And Bella Sang with Us – Raw Emotion, Splendid Music, Serious Issues

And Bella Sang with Us is a play about the first women police officers in Canada. Set in Vancouver in 1912, these two women: Constable Harris, played by Leanna Brodie, and Constable Miller, played by Sarah Louise Turner, try and make it in the “men’s” world of policing. This is a serious drama that authentically portrays some of the issues that the city still grapples with today. With raw emotion, splendid music, and uncomfortable issues, And Bella Sang with Us is an intriguing fictional history of Vancouver.

Directed by Sarah Rodgers, And Bella Sang with Us is performed without the actors directly using any props. Instead actors who are not in the scene stand on the sidelines using props to make sound effects while the playing actors mime out what they are doing. While the timing of such mime-ing is very impressive, it was confusing as an audience member to determine what kind of object an actor was supposed to have in their hand and to remember what it was. It was confusing to watch, since the stage was not all that big, to try and figure out why there was an actor in the corner making sounds that did not seem to be connected with the scene. While this style of performance is interesting, it was, at first, unclear what was happening.

With the exception of the two main ladies, each actor played several different parts in this show, by donning different costumes. This was also unclear and I believe more contrasting costumes could have been put to use as it was difficult to tell who the actor was supposed to be portraying in any particular scene.

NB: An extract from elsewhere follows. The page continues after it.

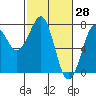 Yaquina Bay tide chart for Monday, February 28, 2022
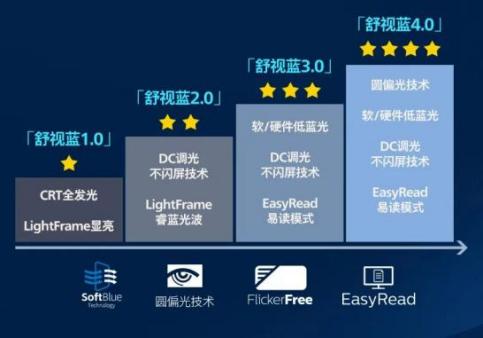 ˫11�����羺��ѡ��EVNIA����˫�˵羺��ʾ�����ػ������Ϸ�ӽ磡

Besides some ambiguity on the part of the production, the overall plot was fascinating and exciting: these women chase bad guys, sleuth around Chinatown and sing! They meet some interesting characters who are in for criminal acts, but Constable Miller is unconvinced that they are all bad and thinks they are in need of assistance rather than punishment. A lady-brute that is only calmed by love songs and a young prostitute teach the new police officers about their lives and reality in Vancouver’s Chinatown in 1912. Sarah Louise Turner does an excellent portrayal of Constable Miller as the wide-eyed and innocent do-gooder, and Leanna Brodie comes into her role as the world-worn, street-wise fighter, Constable Harris, more towards the end of the play. From rough beginnings these two characters learn to trust and rely on each other through their ordeals.